Squ33ze M3
ZaedKai
Squ33ze M3
I'm currently enrolled in college and honestly, I have refused to get any student loans. I won't lie, occasionally the thought has crossed my mind. But at the moment, I rather not sign up myself for a large debt just yet. My current goal is to transfer to a University but money is proving to be a huge challenge. I have a high enough GPA to get grants or financial aid, but I receive none due to the fact that my family "receives a high income." So everything I pay for comes straight out of my pocket, trust me when I saw this, but I'm quite sure I've shed a few tears on the money I've been spending for education.
What people are forgetting is that as the economy gets worse, so does the gap between the rich and the poor expand. My family is part of the middle class and it seems we are slowly disappearing with that category. In the past, we could have lived off one paycheck for a while and save some of the money of the following paycheck. But now, it seems once the paycheck arrives, we need to use it to live by on just basic needs.
Between the two, I would rather re-elect Obama.
I respect everything you said; I just want to say one thing about something you mentioned. If you implied that the gap between the rich and the poor is expanding because the economy is getting worse, an argument can be made that the gap is expanding based on the natural evolution of our economy. It's a tough problem to solve, but I don't think taxing the wealthy is the way to solve it.
Oh yeah, I completely forgot about that fact. I've learned this before in some history classes and political science, but I suppose it slipped my mind. Thanks for adding that in, I completely agree with you with the natural evolution of our economy.
Although, taxing the wealthy solution has been implied by many, I'm quite sure there are more solutions out there to consider. It seems whenever this solution is brought up, it just causes a much more heated argument and debate among many.
Honestly, this is where the more interesting political debates happen. It's such a complicated issue because if you tax wealthy americans, you risk taxing them too much. (Many wealthy americans are business owners, so they'd pay the personal taxes and the corporate taxes) and that could lead, depending on the extent of the taxing, to job loss, and that's not really something we could afford in our current economy.

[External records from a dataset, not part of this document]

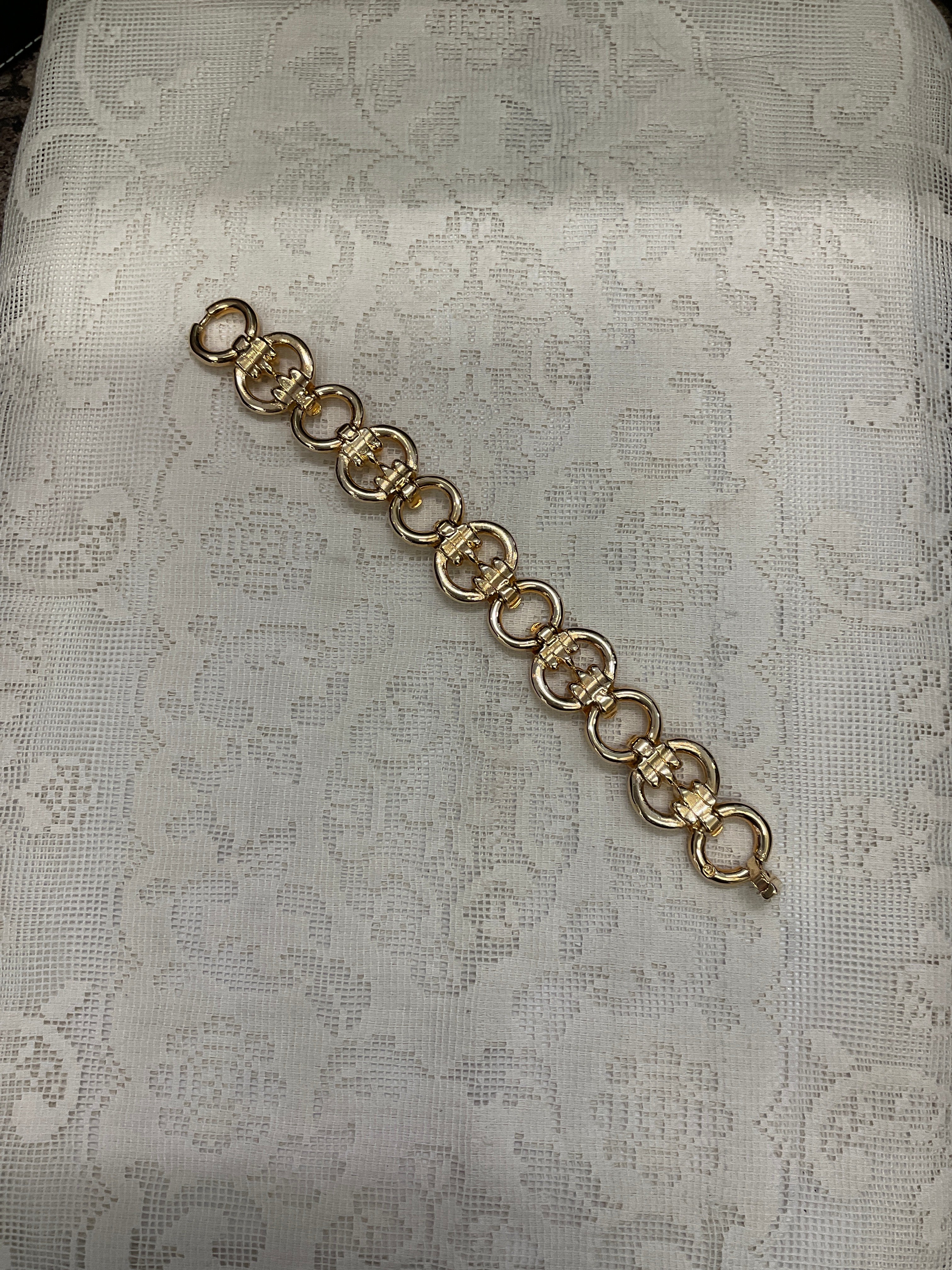 Cz circular gold bracelet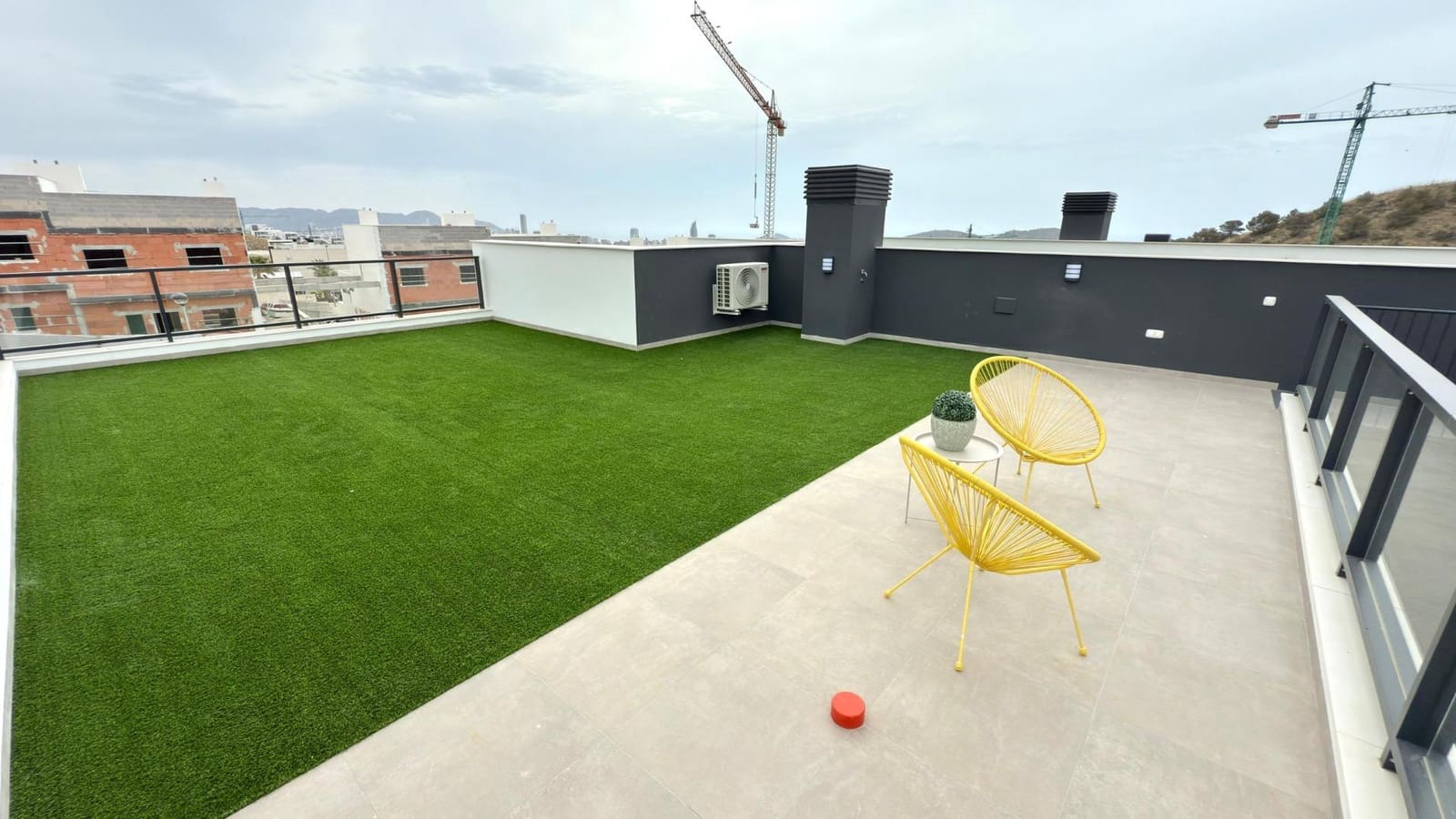 3 makuuhuone Kattohuoneisto myytävänä paikassa Finestrat - 449 000 € (Ref: 9051001)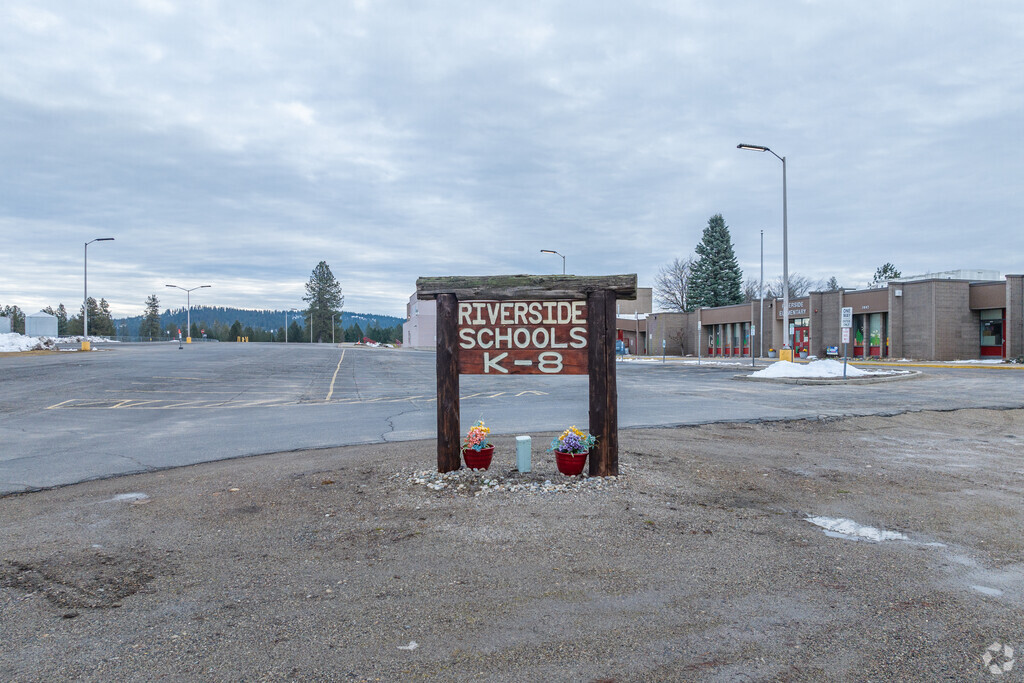 Riverside Elementary features a large parking lot in front of the school..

The big problem is the super wealthy. No one in the world needs more than a billion dollars to live (I can probably subsist for the rest of my life off that amount), and yet, you can't say the people who are billionaires didn't earn it. It's not moral for governments to ask billionares to fork over half their money, and that directly contradicts the American dream. It's such a tricky issue to figure out.
The thing I take hope in is the pledge a bunch of extremely wealthy people have signed recently, promising half their fortunes to charity upon their deaths. It just shows that not all rich people are evil.